## Data Processing

We now have physical data. How the radiative transfer code works is that a set of parameters, including the log stellar mass, log dust mass, etc, are fed to a SKIRT model, which produces a .h5 file containing values for flux, half-radius, and sersic index against wavelength: at each angle of inclination. There're 20 angles of inclination that the model considers.

I've got 6 .h5 files. Each file was given different values for log stellar and dust mass. My objective here is to merge all of the data in those files into one csv. My intention is to feed the resulting csv into the model we've developed previously, to see if it can predict the same values that the classical model does.

I'll start with module importation.

In [217]:
import pandas as pd
import numpy as np

In [218]:
def read_params(filename: str, filepath: str = '../../data/radiative_transfer/input/'):
    """
    Reads parameters from a specified file and returns them as a dictionary.

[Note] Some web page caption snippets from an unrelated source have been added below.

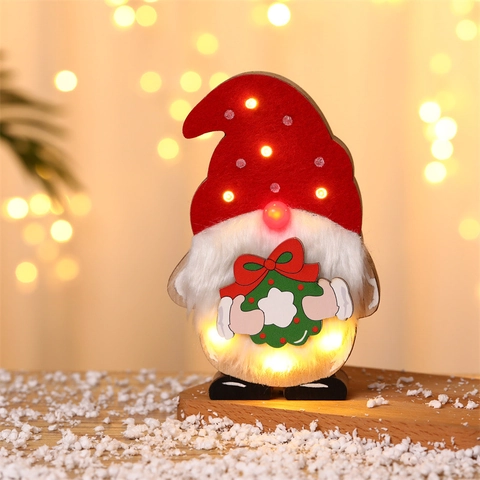 LED Wooden Gnome Ornament With Interchangeable Accessories For Christmas Halloween Easter Independence Day Home Festive Decor
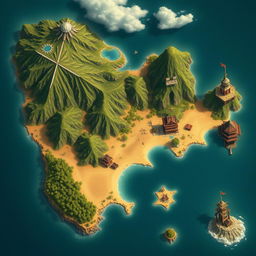 A detailed fantasy map for a Dungeons and Dragons setting, showcasing one large continent surrounded by sea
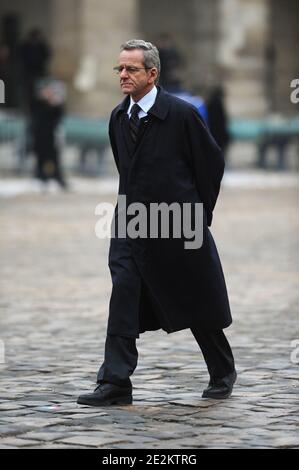 Alain Carignon arrives at the funeral offormer minister and parliament speaker Philippe Seguin at the Saint-Louis des Invalides church in Paris, France on January 11, 2010. Photo by Thierry Orban/ABACAPRESS.COM Local Caption 591664 Stock Photo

    The function reads a text file where each line contains a parameter in the format:
    `key = value # optional comment`. The function parses these lines to extract the keys 
    and values, ignoring any text following a '#' as a comment.

    Parameters:
    - file (str, optional): The path to the file containing the parameters. 
    Default is '../../data/radiative_transfer/input/parameters.txt'.

    Returns:
    - dict: A dictionary where each key-value pair corresponds to a parameter 
    and its respective value. If a line contains a comma-separated list of values, 
    they are converted to a NumPy array. If the value is a single number (except for 
    the 'theta' parameter), it is converted to a float.

    Note:
    - This function assumes that each parameter is defined only once in the file.
    - The function is designed to handle special cases where the value is a list 
    (converted to a NumPy array) or a single float. The exception is the 'theta' 
    parameter, which is always treated as a NumPy array.
    """

    lines = open(filepath+filename, 'r').readlines()

    keys = []
    values = []
    for i in range(len(lines)):
        
        line_i = lines[i]
        line1 = line_i.split('\n')[0]
        line2 = line1.split('#')[0]
        line3 = line2.split('=')
        line4 = []
        for j in range(len(line3)):
            line4.append( line3[j].strip(' ') )
        
        if len(line4) == 2:
            keys.append(line4[0])
            line5 = line4[1].split(', ')
            line5 = np.array(line5).astype(float)
            if len(line5) == 1 and line4[0]!='theta':
                line5 = line5[0]
            values.append(line5)

    table = dict(zip(keys, values) )
    return table

In [219]:
def read_h5_file(filename: str, thetas, log_mstar, log_mdust_over_mstar, filepath: str = '../../data/radiative_transfer/output/'):
    """
    Reads HDF5 files and compiles data into a single DataFrame with additional parameters.

    Parameters:
    - filename (str): The name of the HDF5 file to be read.
    - thetas (array-like): An array of viewing angles corresponding to each entry in the HDF5 file.
    - log_mstar (float): Logarithmic value of stellar mass.
    - log_mdust_over_mstar (float): Logarithmic value of the dust mass over stellar mass ratio.
    - filepath (str, optional): Path to the directory containing the HDF5 file. Defaults to '../../data/radiative_transfer/output/'.

    Returns:
    - pd.DataFrame: A DataFrame containing wavelength, flux, half-light radius, Sersic index, viewing angle, logarithm of stellar mass, and logarithm of dust mass over stellar mass ratio.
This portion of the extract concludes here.